:: Supplied information ::
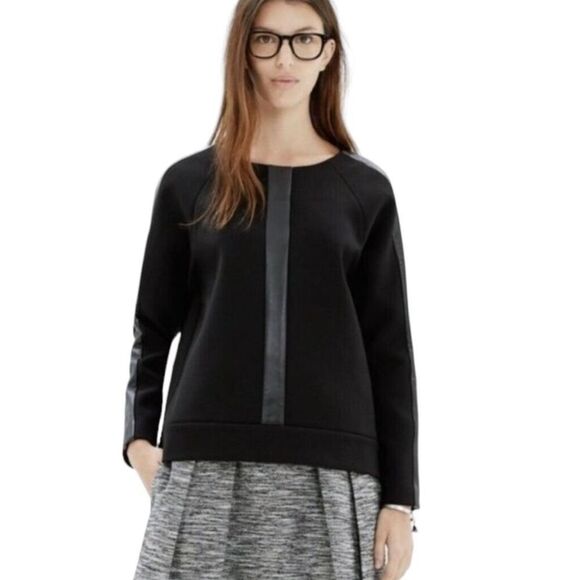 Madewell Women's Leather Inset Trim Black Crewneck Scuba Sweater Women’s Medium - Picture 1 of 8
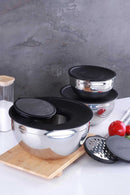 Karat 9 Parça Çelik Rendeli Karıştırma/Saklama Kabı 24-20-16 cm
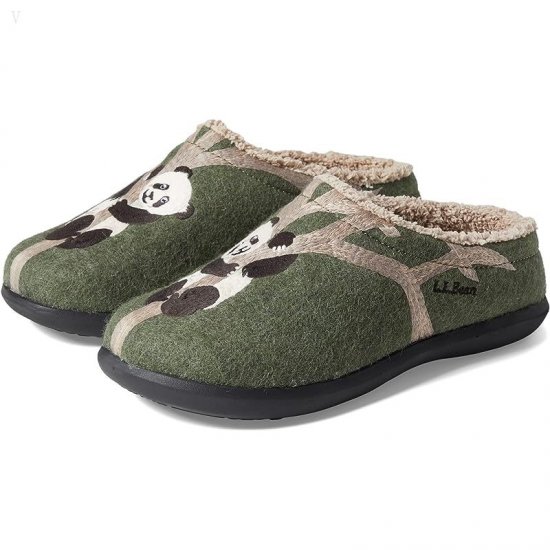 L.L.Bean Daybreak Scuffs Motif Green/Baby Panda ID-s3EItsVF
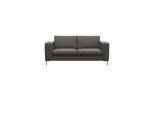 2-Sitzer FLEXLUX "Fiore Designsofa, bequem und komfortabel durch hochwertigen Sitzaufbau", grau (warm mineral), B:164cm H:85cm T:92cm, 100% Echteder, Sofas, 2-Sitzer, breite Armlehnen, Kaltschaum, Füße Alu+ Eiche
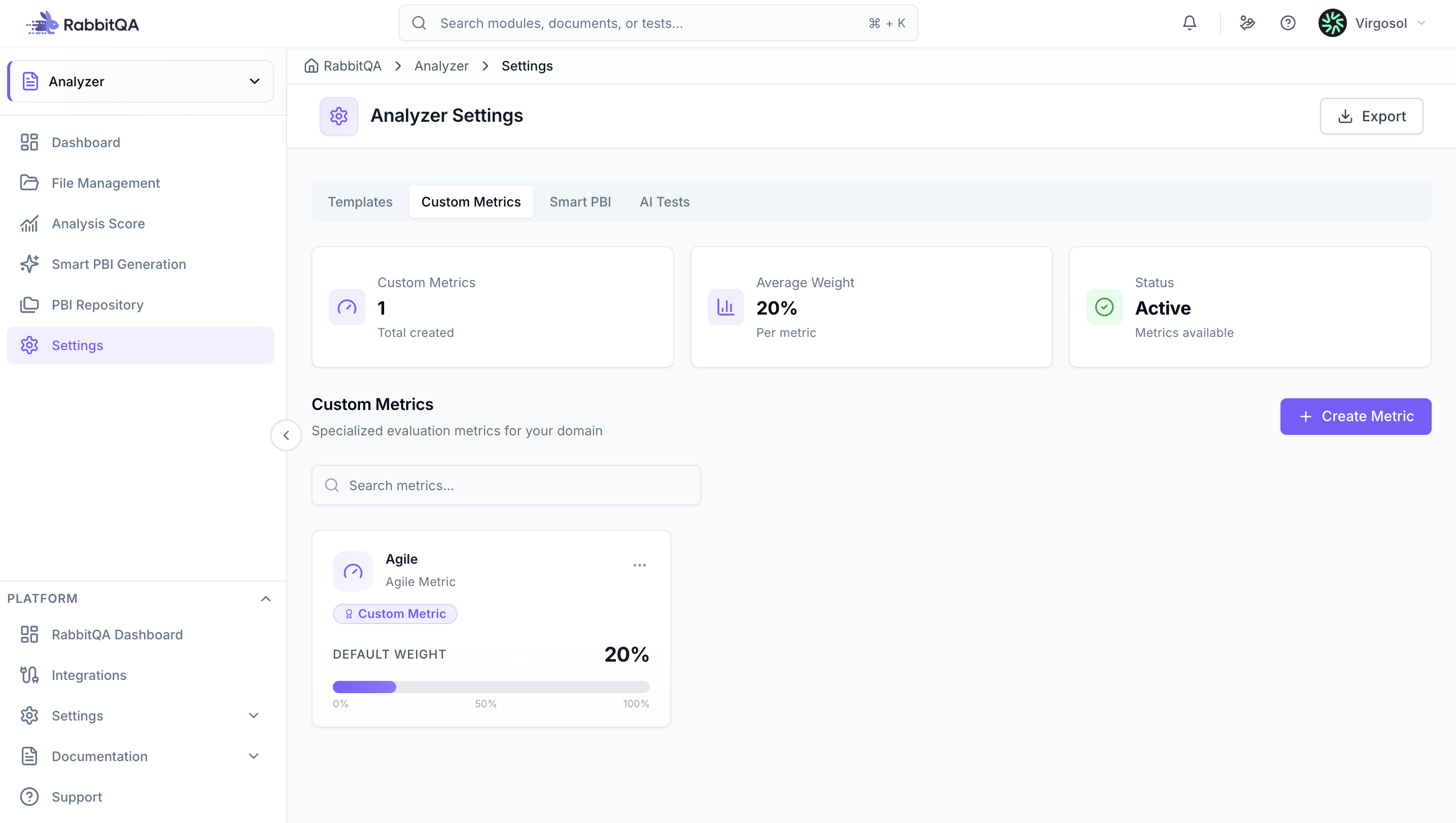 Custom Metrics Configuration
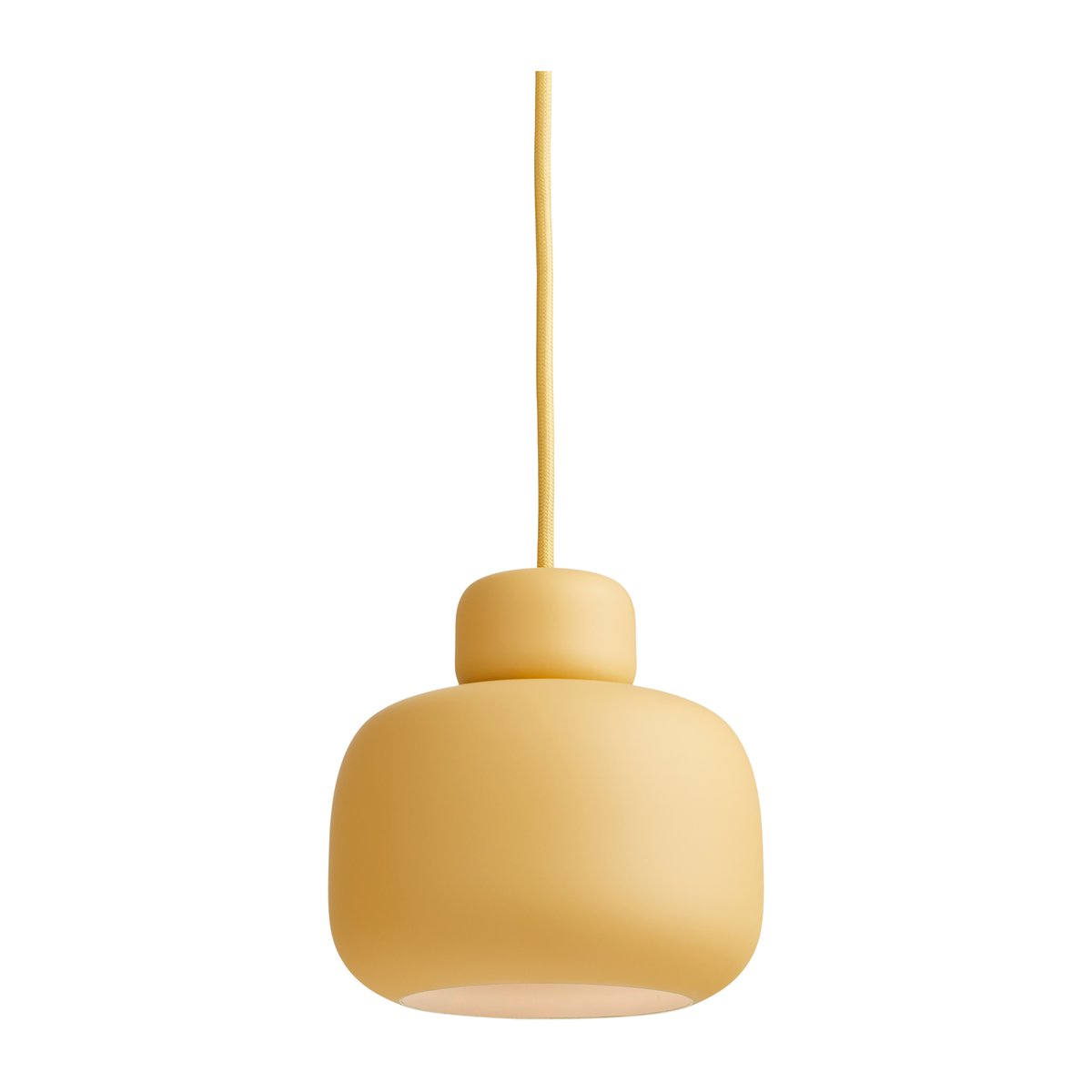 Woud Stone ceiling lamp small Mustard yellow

--

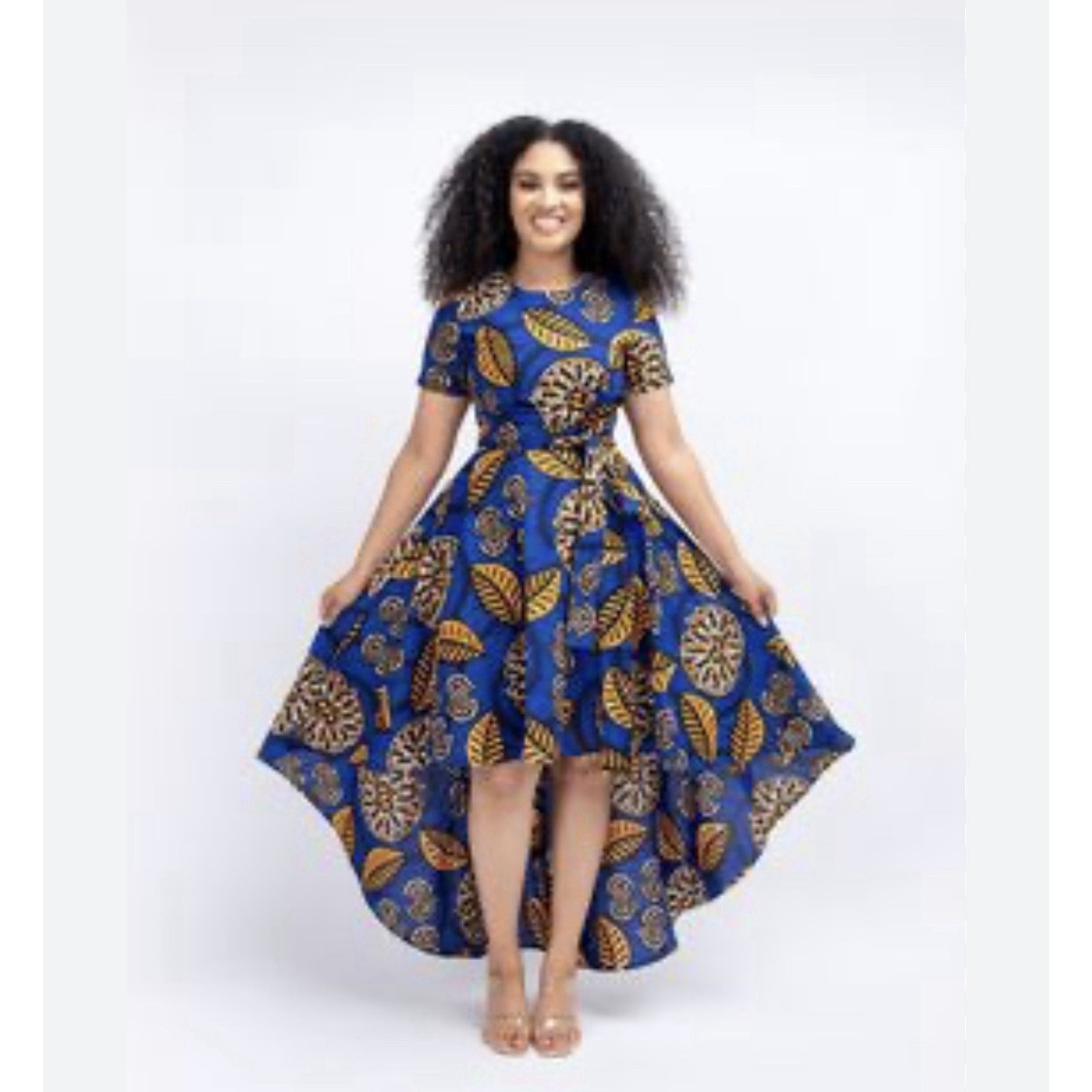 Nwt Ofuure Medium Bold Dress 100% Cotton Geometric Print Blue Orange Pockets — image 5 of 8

:: What to do ::
A word-for-word reproduction is needed of the lines above from the line containing "L.L.Bean Daybreak Scuffs" through the line containing "Woud Stone ceiling lamp small Mustard yellow", with both ends kept and no pictures.

:: Answer box ::
 L.L.Bean Daybreak Scuffs Motif Green/Baby Panda ID-s3EItsVF
 2-Sitzer FLEXLUX "Fiore Designsofa, bequem und komfortabel durch hochwertigen Sitzaufbau", grau (warm mineral), B:164cm H:85cm T:92cm, 100% Echteder, Sofas, 2-Sitzer, breite Armlehnen, Kaltschaum, Füße Alu+ Eiche
 Custom Metrics Configuration
 Woud Stone ceiling lamp small Mustard yellow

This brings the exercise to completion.